IRVINE, CA – The latest study from Kelley Blue Book Marketing Research, New Vehicle Buyer Attitude Study on Financing, finds that six out of 10 people who are about to buy a new vehicle prefer a longer-term loan with low monthly payments when financing their next vehicle. Industry estimates are that nearly 30 percent of new-vehicle shoppers currently owe more on their vehicle than it is worth. Additionally, the average term for a consumer vehicle loan grew from 48 months in 2000 to 63 months in 2004. These consumers who are "upside-down" in their current vehicle loan could put themselves further into financial jeopardy by extending their next new-vehicle loan past the average four-to-five year term, yet as a group they do not seem concerned about the ramifications.
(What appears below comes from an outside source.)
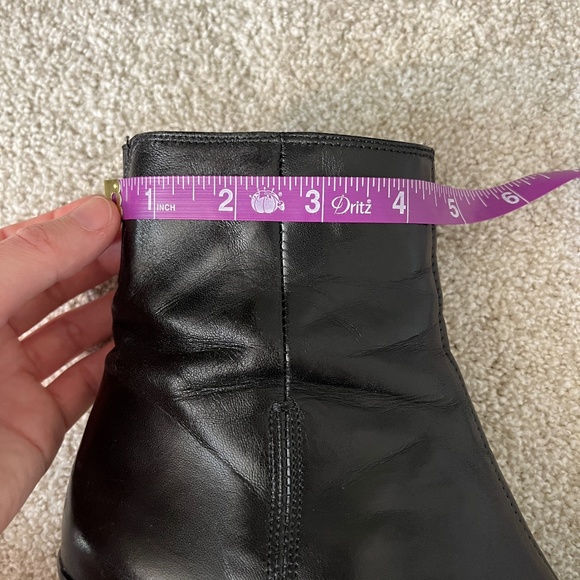 MUNRO Black Leather Ankle Heeled Boot Size 6.5 - Picture 10 of 13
"Consumers who purchased vehicles with little or no money down and for a six- or seven-year term, will find they owe more than the car is worth when seeking out their next new vehicle," said Jack R. Nerad, editorial director of Kelley Blue Book's kbb.com. "This negative equity leaves future buyers two unpalatable choices: either stay in their current vehicle longer or pile on still more debt."
Both choices have negative implications for carmakers. If this one-third of the market keeps their vehicles longer, new sales and growth potential will be stymied in what is already a sluggish new-vehicle market. And if consumers add more debt, carmakers can expect more defaults on vehicle loans and bankruptcies, costing carmakers' captive finance arms millions and limiting market growth.
"Just as an over-reliance on low-cost, subsidized leases came back to bite manufacturers and financial institutions in the 1990s, so too could the move to increasingly longer loan terms in this decade," Nerad said.
The 2005 Finance study also found a declining number of consumers researching their financing options online prior to purchase than 18 months previously. Consumers cited convenience and the expectation of low interest rates from manufacturers as their reason for obtaining financing through the dealership. This finding is in line with Jupiter Research, which recently reported that in 2004 a significant number of consumers who research their auto purchases online believed dealers to be a better source of financing information than they perceived the Internet to be.